The office of the Vice President for Research recognizes Matthew Eatherton, an assistant professor in the Charles E. Via Jr. Department of Civil and Environmental Engineering in the College of Engineering, for his work to make people and buildings safe from natural threats.
Eatherton seeks to develop resilient and sustainable structural systems. His group focuses on high performance seismic lateral force resisting systems, understanding structural response due to earthquakes, and analysis and design of steel structures.
Eatherton has used a National Science Foundation grant to develop a structural building component called a self-centering beam.

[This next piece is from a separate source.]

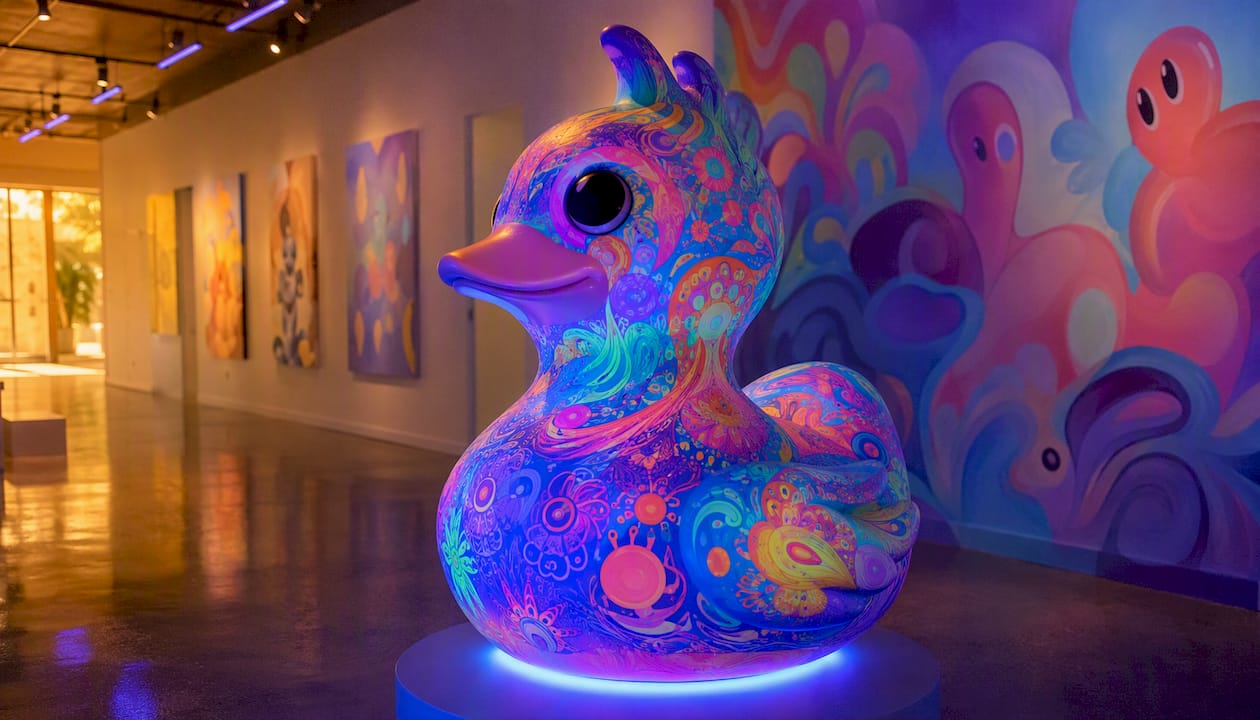 Glowing UV-reactive pop art sculpture in gallery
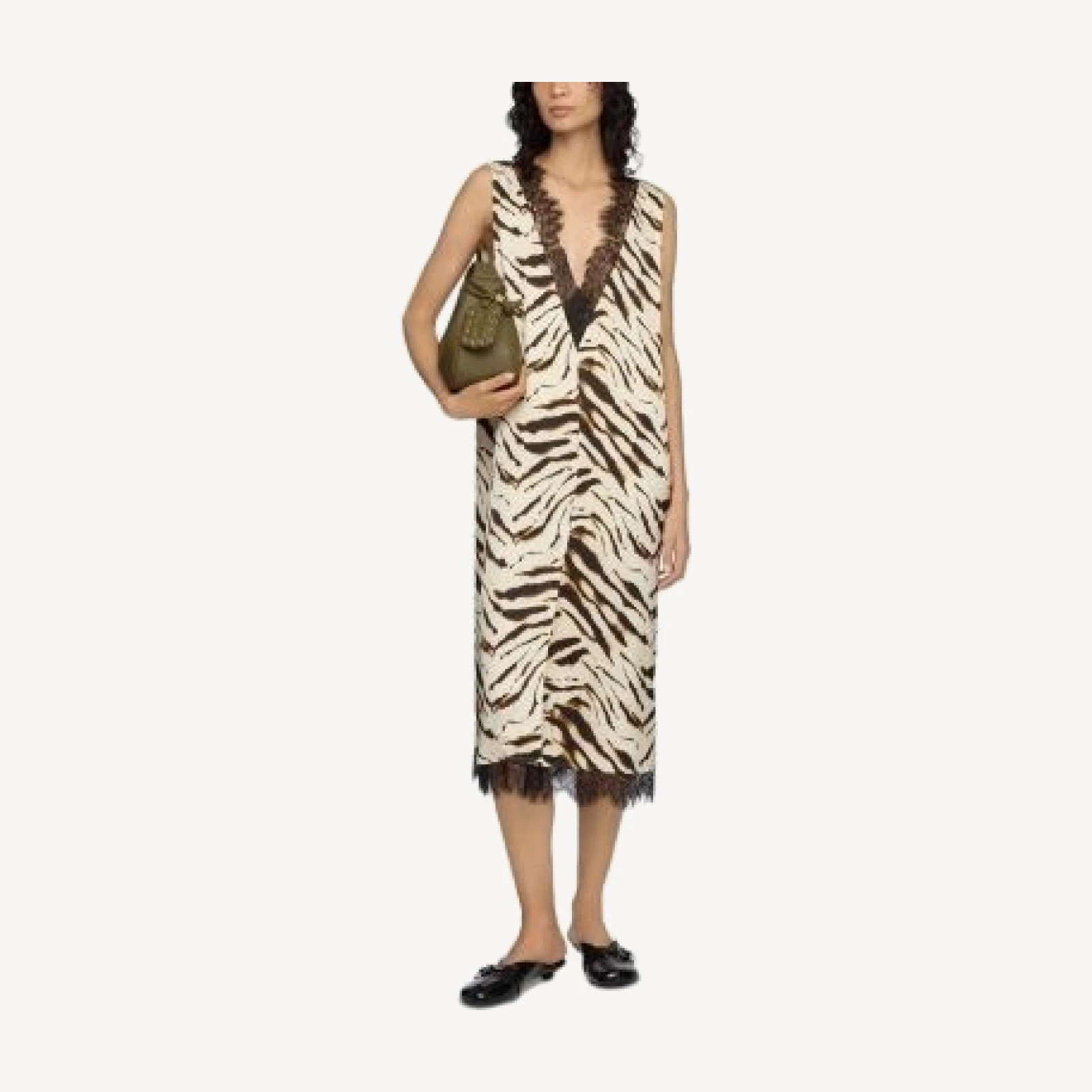 Ganni Zebra Print Satin Dress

The self-centering beam would serve several purposes: protect lives, limit or eliminate structural repair costs, and reduce business downtime due to earthquakes.
Traditionally, designing buildings to withstand earthquakes has focused on protecting the lives of building occupants, without explicitly limiting the amount of structural damage.
But the self-centering beam concentrates damage in replaceable elements of the building.
Eatherton, who worked as a structural engineer from 2001 until 2006 in earthquake-prone California, also has teamed with faculty within the Virginia Tech College of Architecture and Urban Studies to explore the use of exposed geometrically-cut steel plates in building interior designs to serve both structural purposes and architectural form in terms of screening and aesthetics.
Steel plates with carefully designed geometric patterns – or voids – can better withstand everyday loads and extreme events such as high winds, blast or shock from an earthquake than the standard solid steel plates.
Eatherton received his doctoral degree in civil engineering from the University of Illinois at Urbana – Champaign, and his master’s and bachelor’s degrees from the University of Missouri at Columbia.